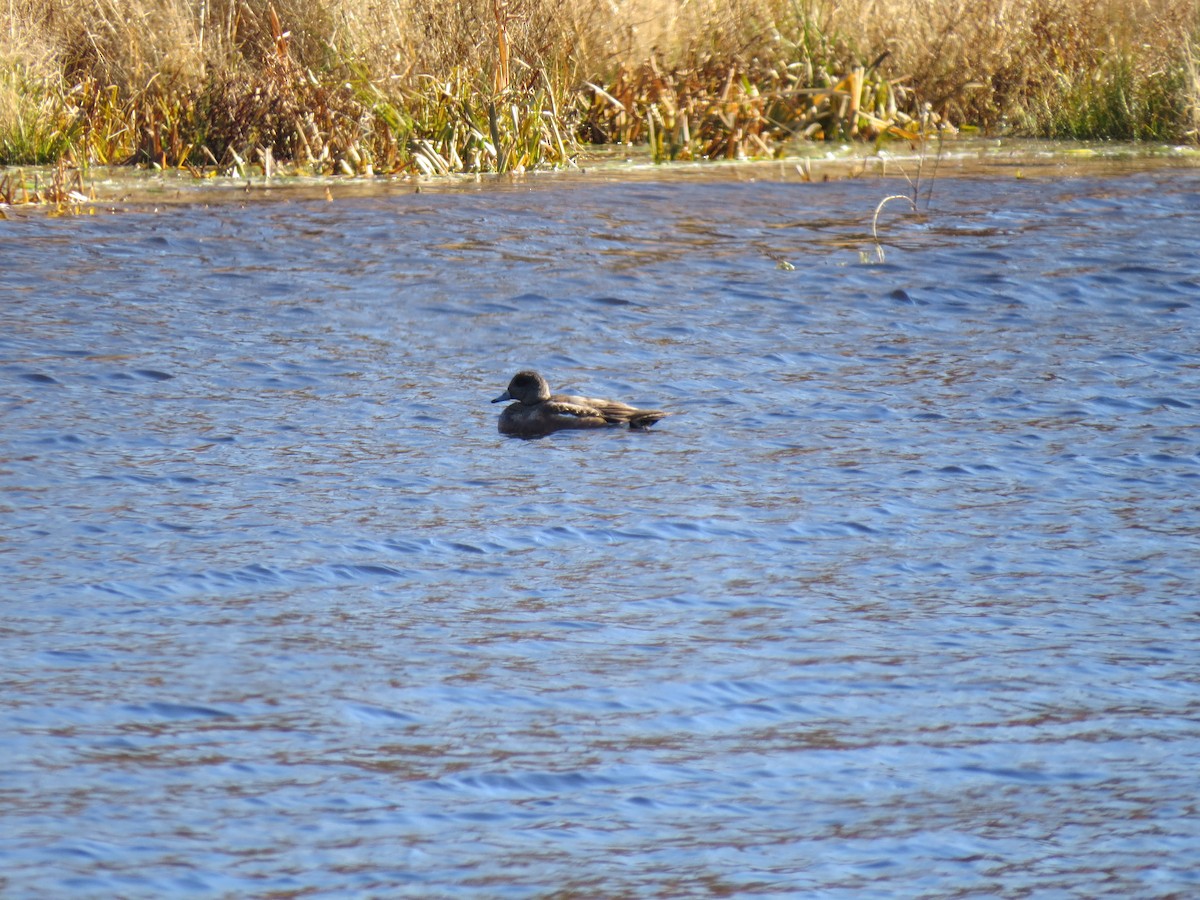 American Wigeon - ML645447137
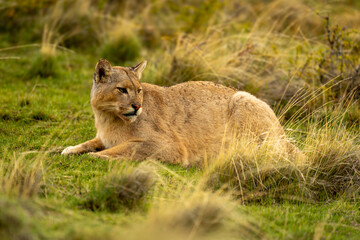 Puma lies on grassy slope turning head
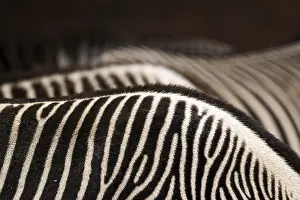 Mammalian Wildlife Photography Prints: Zebra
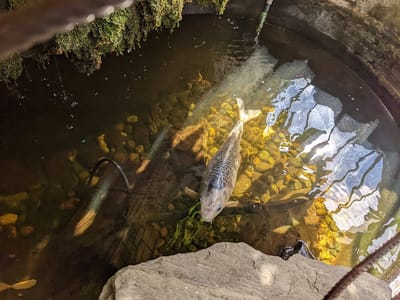 Evolution Body Piercing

Exercise requirements: The listing above should be repeated word for word, with every image left out.

Answer below:
 American Wigeon - ML645447137
 Puma lies on grassy slope turning head
 Mammalian Wildlife Photography Prints: Zebra
 Evolution Body Piercing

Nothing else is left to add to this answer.